▸ WHAT THIS TASK INVOLVES: Keeping every word the same, give again only the lines from the one with "honda-jazz-se-cvt-in-metallic-blue-youtube" through the end of the data, both included, and leave every picture out.

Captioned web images
=== Section Start ===

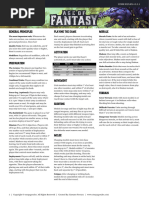 Game Rules for Tactical Warfare | PDF | Military | Warfare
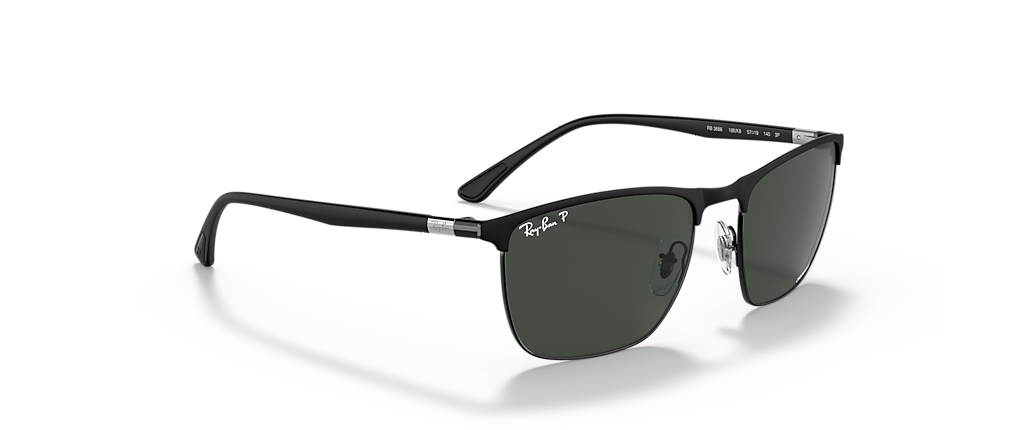 Ray-Ban RB3686 Polarized+ Lenses Black Sunglasses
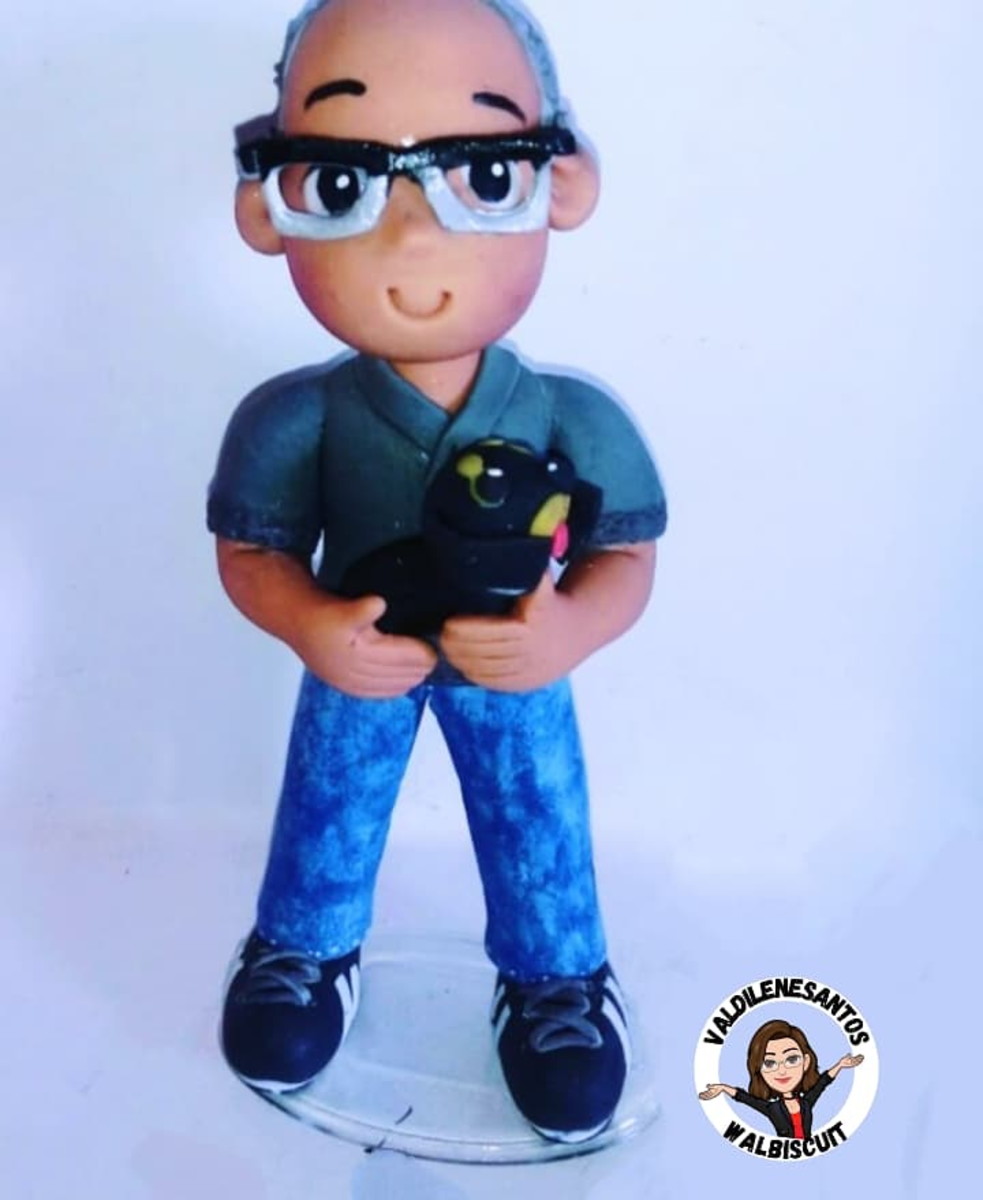 Topo de bolo personalizado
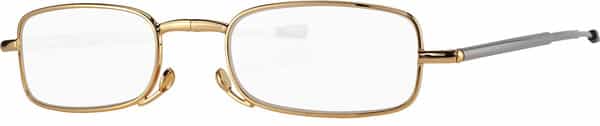 Klar Eye Folding Power Pocket Reading Glasses Men And Women Powers +0.75 To +3.500.75 Power Gold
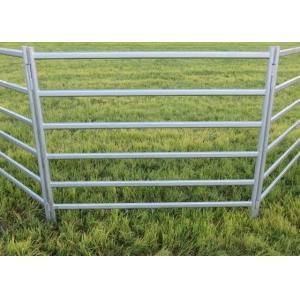 Livestock Corral Hot Dip Galvanized Cattle Yard Panel 1.8x2.1m Oval Rails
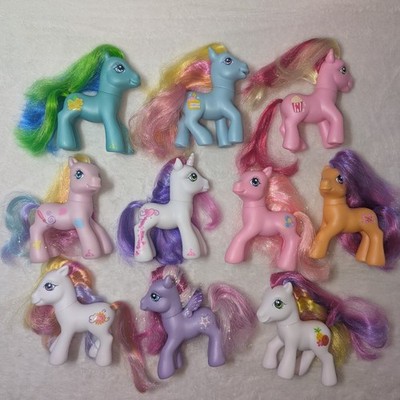 Lot of 10 G3 My Little Pony Brushable MLP 2006 2007 Tropical Surprise Sunny Daze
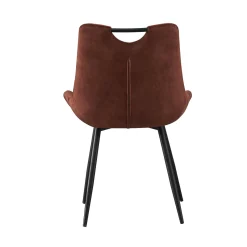 Eetkamerstoelen^Huisenthuis Stoel Nick – Set van 2 Roest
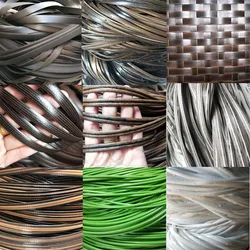 500g 31 türleri için kalın yuvarlak/düz PE sentetik Rattan malzeme dokuma sepet sandalye kanepe masa onarım DIY zanaat plastik halat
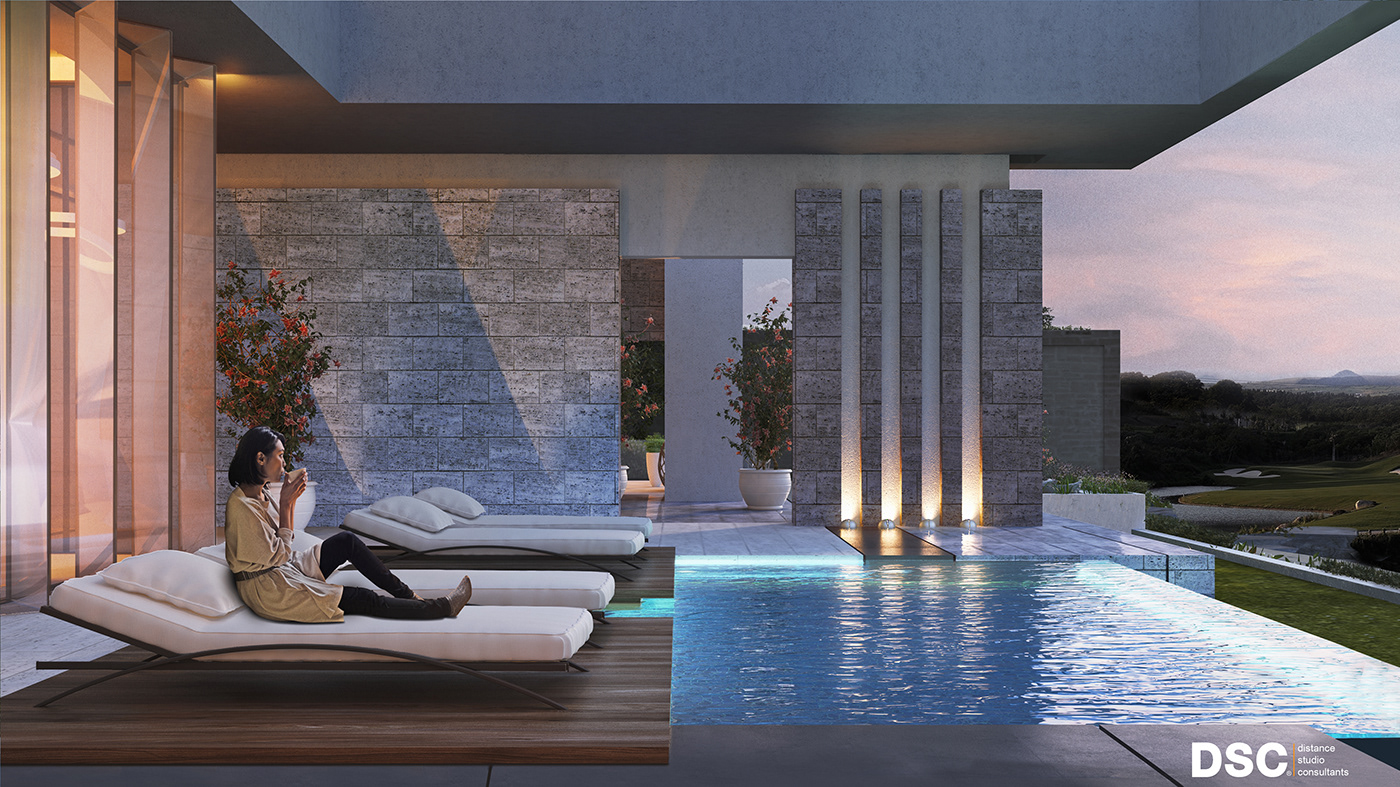 KSA PRIVATE VILLA| Design & Visualizations.丨别墅建筑丨GOLF VILLA | Design & Visualizations.-5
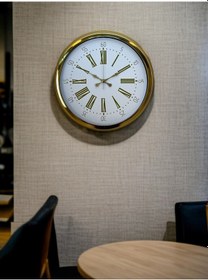 Resim Zentime Royal Gold 40 Cm Metal Duvar Saati Açık 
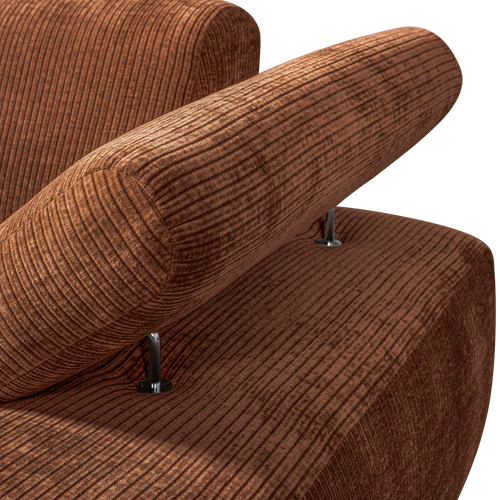 WOOOD chaise longue element rechts Mojo - Ribstof - Roest Bruin - vtwonen shop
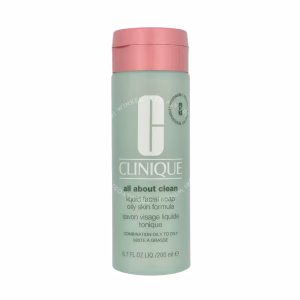 Clinique Liquid Facial Soap - Oily Combination Oily To Oily - All About Clean 200ml
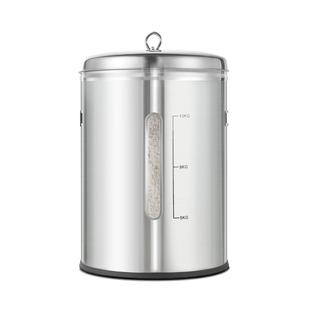 304不锈钢米桶家用食品级50斤装米桶防虫防潮米缸加厚密封储米箱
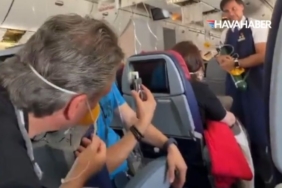 LATAM Airlines Boeing 767 acil durum ilan etti Uçakta oksijen maskeleri açıldı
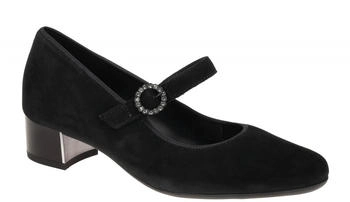 Ara Nizza Spangenpumps schwarz samt 12-35829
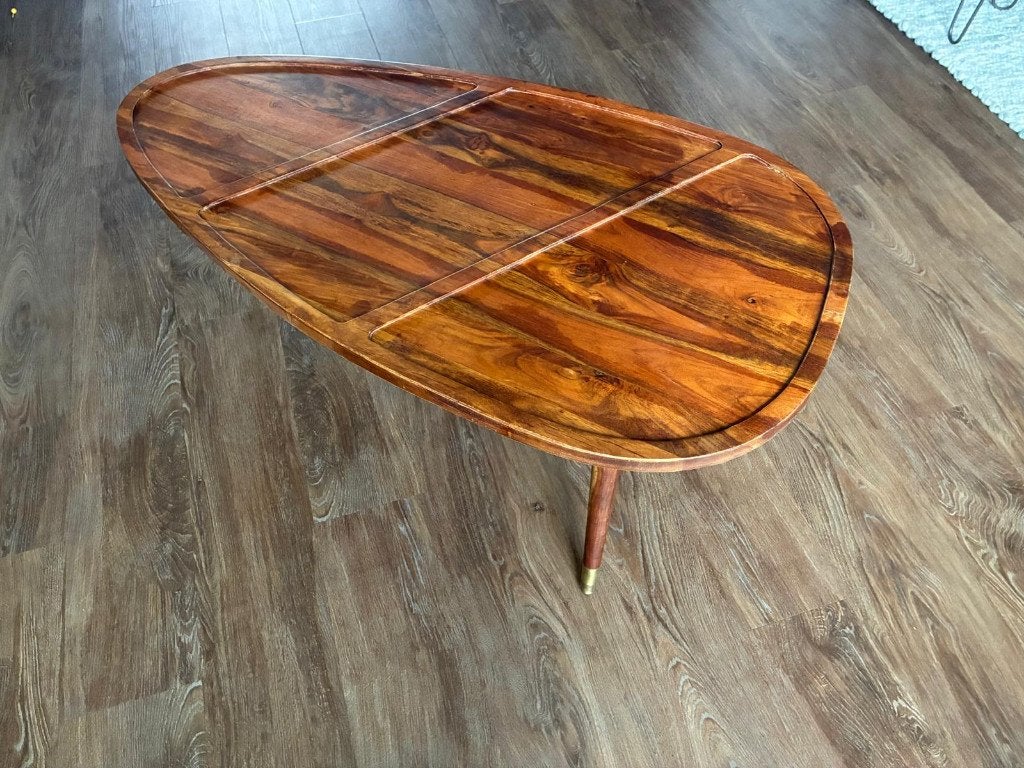 Dutchbone Sham salontafel organisch hout - vintage tafel, 100 tot 150 cm, Zo goed als nieuw, Ovaal, 5 – 50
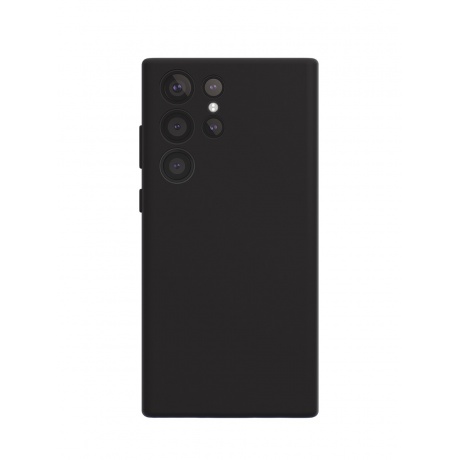 Чехол защитный VLP Silicone Case для Samsung Galaxy S23Ultra, черный - фото 1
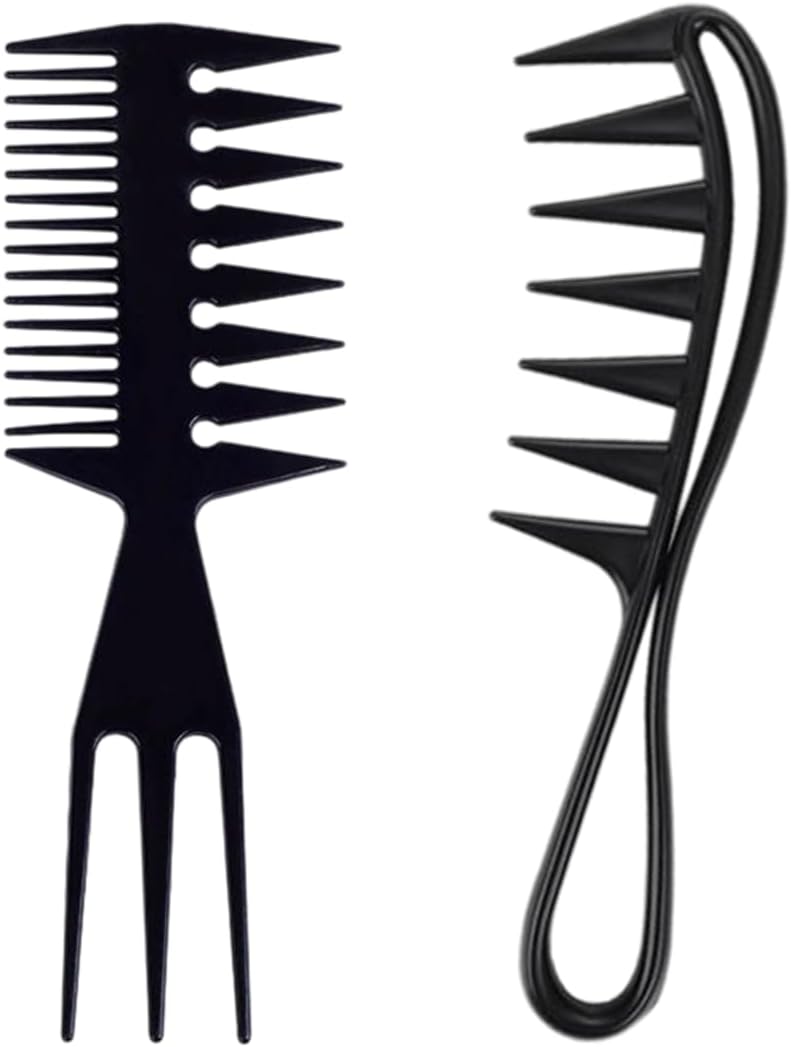 Peigne antistatique double face : l'outil idéal pour sublimer vos cheveux bouclés, mouillés ou longs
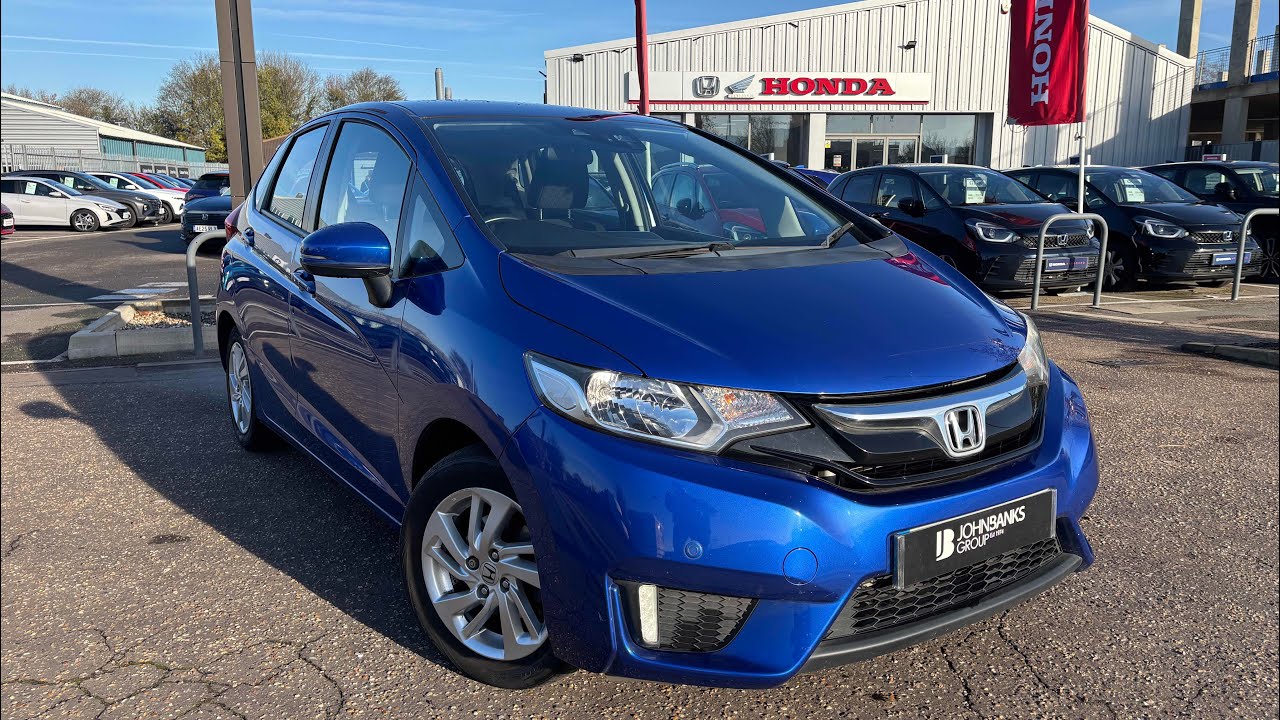 honda-jazz-se-cvt-in-metallic-blue-youtube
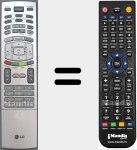 Replacement remote control for 6710T00017V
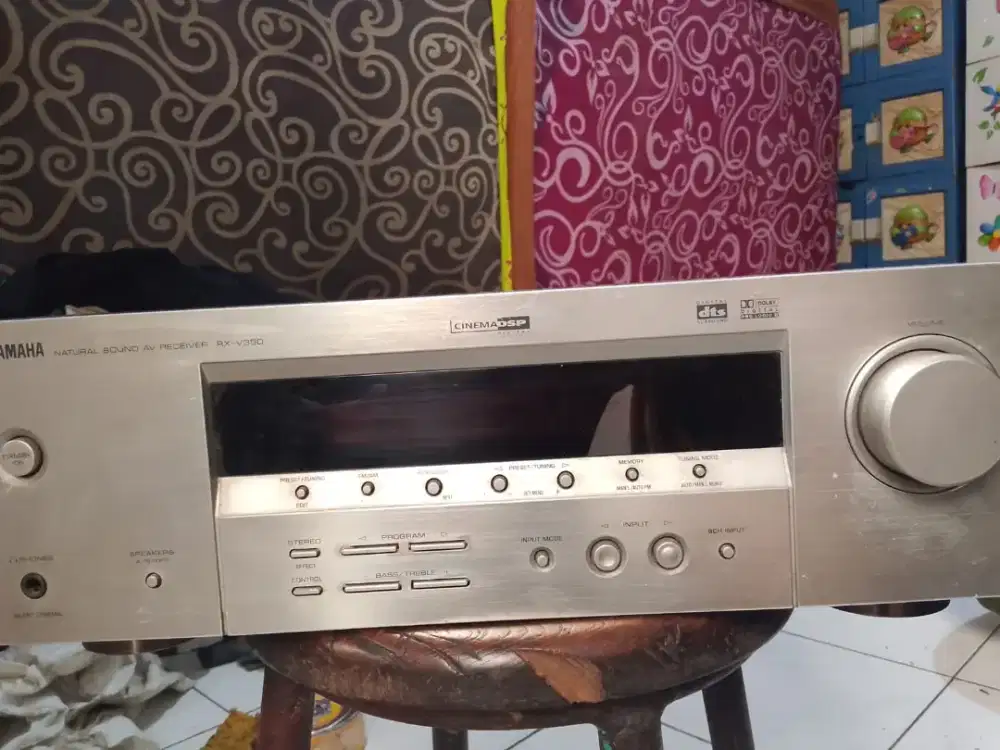 Amplifier YAMAHA Natural Sound AV Receiver RX-V350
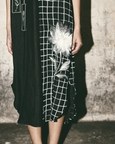 Grid Bloom Kaftan
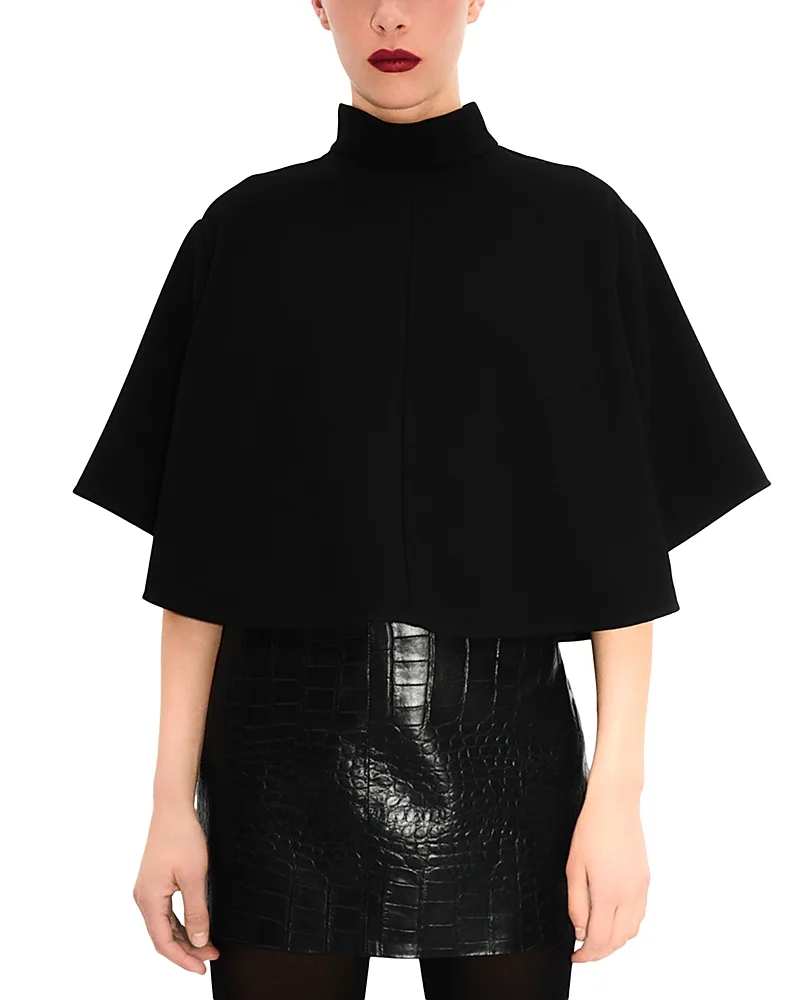 Verica Croc Texture Mini Skirt by AGOLDE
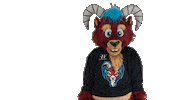 Hockey Mascot Sticker by New Mexico Goatheads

=== Section End ===

▸ RESULT FOR THIS EXERCISE:
 honda-jazz-se-cvt-in-metallic-blue-youtube
 Replacement remote control for 6710T00017V
 Amplifier YAMAHA Natural Sound AV Receiver RX-V350
 Grid Bloom Kaftan
 Verica Croc Texture Mini Skirt by AGOLDE
 Hockey Mascot Sticker by New Mexico Goatheads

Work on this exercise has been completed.